The next project was completed using the Fashion-MNIST dataset and PyTorch to build a neural network. There is a GitHub link to a notebook with a more detailed version of this project provided at the bottom.

PyTorch was something I had not previously explored so I decided this image classification problem would be a good use-case to try it out.

Load the dataset and explore

The first thing I did was use the data loaders to load in the data and normalise it all.

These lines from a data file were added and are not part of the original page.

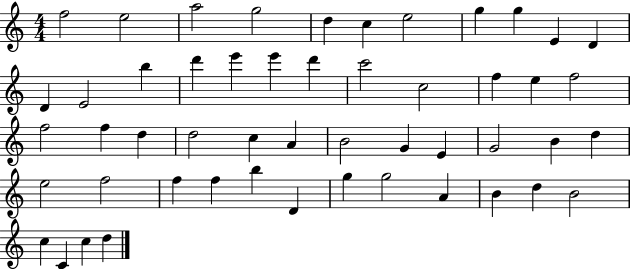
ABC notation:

X:1
T:Untitled
M:4/4
L:1/4
K:C
f2 e2 a2 g2 d c e2 g g E D D E2 b d' e' e' d' c'2 c2 f e f2 f2 f d d2 c A B2 G E G2 B d e2 f2 f f b D g g2 A B d B2 c C c d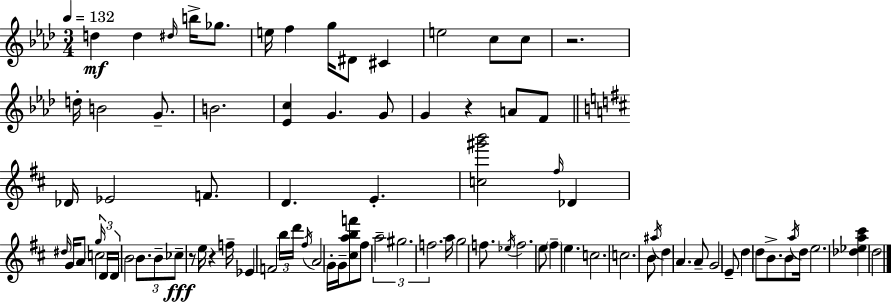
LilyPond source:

{
  \clef treble
  \numericTimeSignature
  \time 3/4
  \key f \minor
  \tempo 4 = 132
  d''4\mf d''4 \grace { dis''16 } b''16-> ges''8. | e''16 f''4 g''16 dis'8 cis'4 | e''2 c''8 c''8 | r2. | \break d''16-. b'2 g'8.-- | b'2. | <ees' c''>4 g'4. g'8 | g'4 r4 a'8 f'8 | \break \bar "||" \break \key d \major des'16 ees'2 f'8. | d'4. e'4.-. | <c'' gis''' b'''>2 \grace { fis''16 } des'4 | \grace { dis''16 } g'16 a'8 \parenthesize c''2 | \break \tuplet 3/2 { \grace { g''16 } d'16 d'16 } b'2 | \tuplet 3/2 { b'8. b'8-- ces''8--\fff } r8 e''16 r4 | f''16-- ees'4 f'2 | \tuplet 3/2 { b''16 d'''16 \acciaccatura { fis''16 } } a'2 | \break g'16-. g'16-- <cis'' a'' b'' f'''>8 fis''8 \tuplet 3/2 { a''2-- | gis''2. | f''2. } | a''16 g''2 | \break f''8. \acciaccatura { ees''16 } f''2. | e''8 \parenthesize fis''4-- e''4. | c''2. | c''2. | \break b'8 \acciaccatura { ais''16 } d''4 | a'4. a'8-- g'2 | e'8-- d''4 d''8 | b'8.-> b'8 \acciaccatura { a''16 } d''16 e''2. | \break <des'' ees'' a'' cis'''>4 d''2 | \bar "|."
}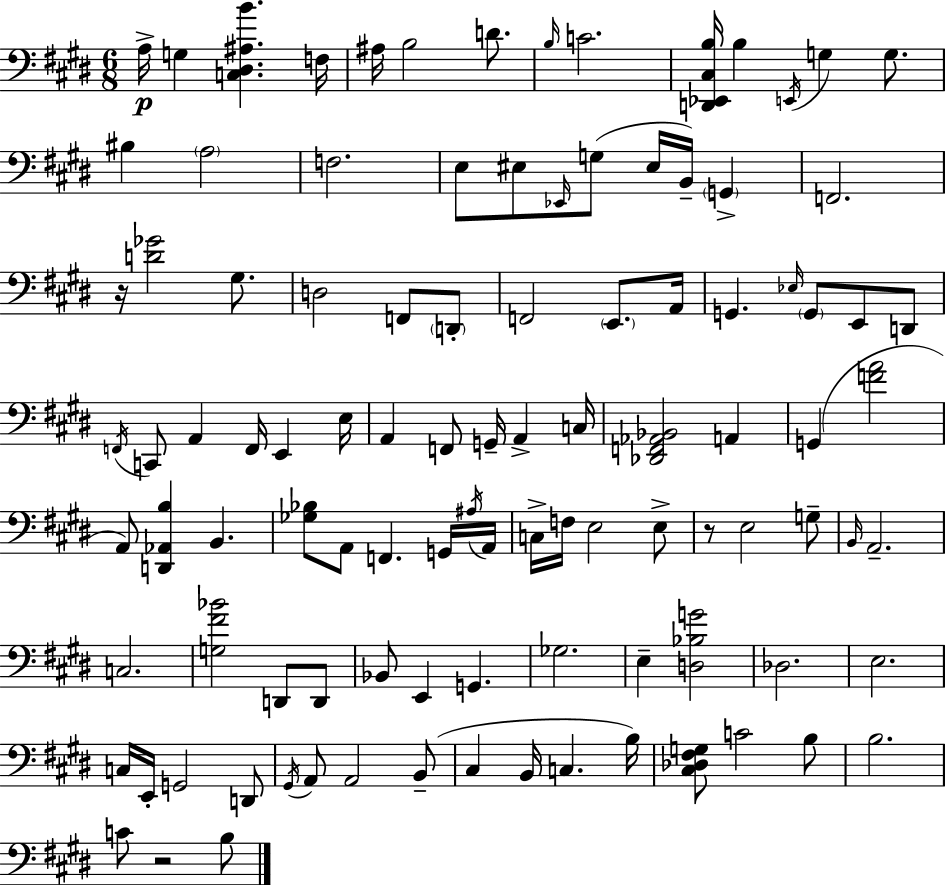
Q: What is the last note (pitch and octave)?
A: B3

This was achieved as follows.

#Set a batch size, this is 0.2% of training data
#Ideally I wanted this higher but I had memory errors
#Create a transformer to normalize the image
transform = transforms.Compose([transforms.ToTensor(), transforms.Normalize((0.5,), (0.5,))])
#Load the training data
trainset = datasets.FashionMNIST(root='./data', train=True,
                                        download=True, transform=transform)

trainloader = torch.utils.data.DataLoader(trainset, batch_size=batchSize,
                                          shuffle=True, num_workers=2)

#This trainloader doesn't shuffle so it can be used for working out training accuracy
trainloader_ns = torch.utils.data.DataLoader(trainset, batch_size=batchSize,
                                          shuffle=False, num_workers=2)
#Load the test data
testset = datasets.FashionMNIST(root='./data', train=False,
                                       download=True, transform=transform)
testloader = torch.utils.data.DataLoader(testset, batch_size=batchSize, 
                                         shuffle=False, num_workers=2)
#Create the class labels
classes = ('T-shirt/top', 'Trouser', 'Pullover', 'Dress', 'Coat', 'Sandal', 'Shirt', 'Sneaker', 'Bag', 'Ankle boot')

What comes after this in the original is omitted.